Web page caption snippets
- Opening Delimiter -
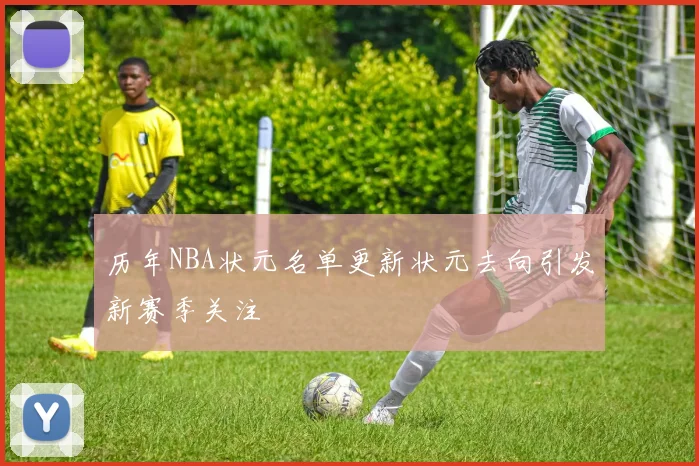 历年NBA状元名单更新状元去向引发新赛季关注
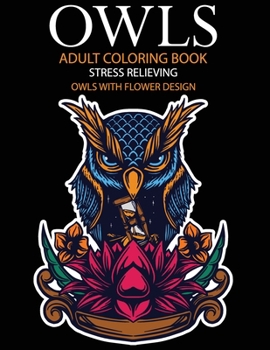 Paperback Owls adult coloring book Stress Relieving Owls With Flower Design: Owls Coloring Designs For Meditation Practice, Stress-Free Coloring Book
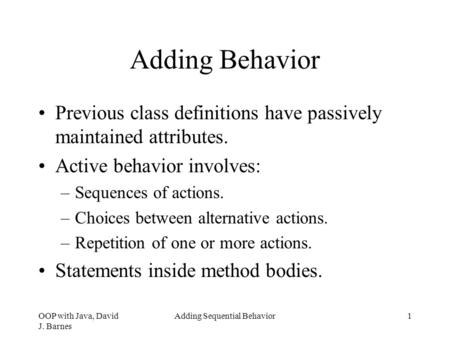 OOP with Java, David J. Barnes Adding Sequential Behavior1 Adding Behavior Previous class definitions have passively maintained attributes. Active behavior.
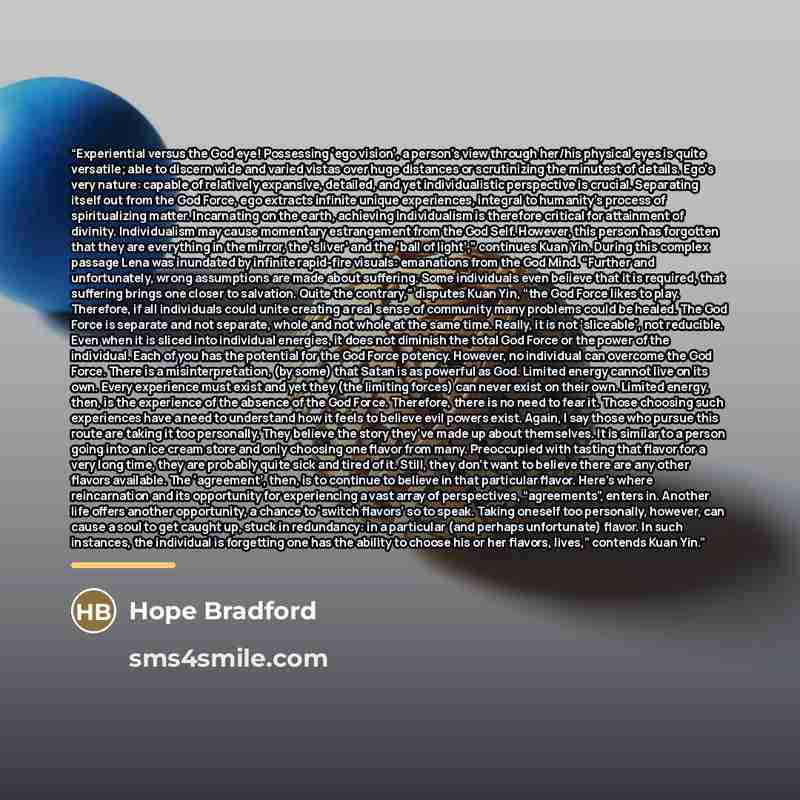 “Experiential versus the God eye! Possessing ‘ego vision’, a person’s view through her/his physical eyes is quite versatile; able to discern wide and varied vistas over huge distances or scrutinizing the minutest of details. Ego’s very nature: capable of relatively expansive, detailed, and yet…” quote by Hope Bradford
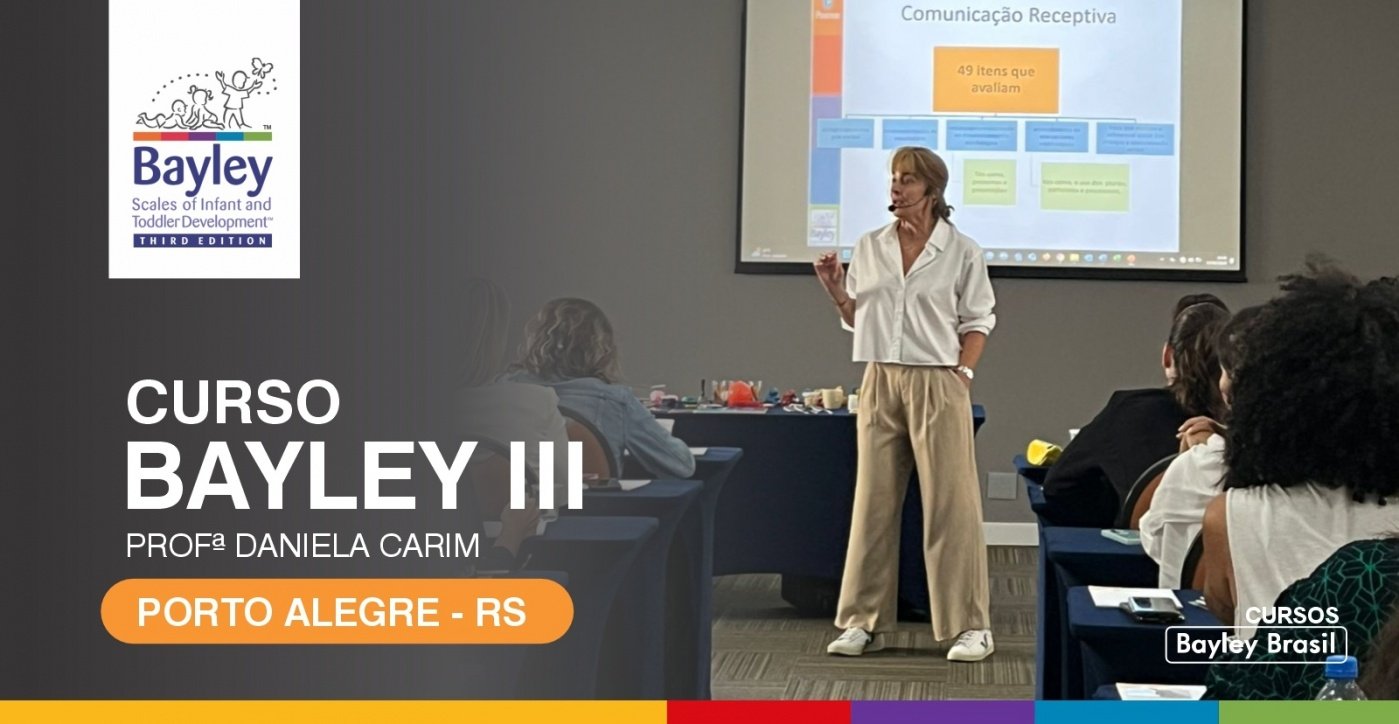 Cursos Bayley Brasil Edição PORTO ALEGRE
- Closing Delimiter -
Could you transcribe every entry exactly, leaving out the pictures?

 历年NBA状元名单更新状元去向引发新赛季关注
 Paperback Owls adult coloring book Stress Relieving Owls With Flower Design: Owls Coloring Designs For Meditation Practice, Stress-Free Coloring Book
 OOP with Java, David J. Barnes Adding Sequential Behavior1 Adding Behavior Previous class definitions have passively maintained attributes. Active behavior.
 “Experiential versus the God eye! Possessing ‘ego vision’, a person’s view through her/his physical eyes is quite versatile; able to discern wide and varied vistas over huge distances or scrutinizing the minutest of details. Ego’s very nature: capable of relatively expansive, detailed, and yet…” quote by Hope Bradford
 Cursos Bayley Brasil Edição PORTO ALEGRE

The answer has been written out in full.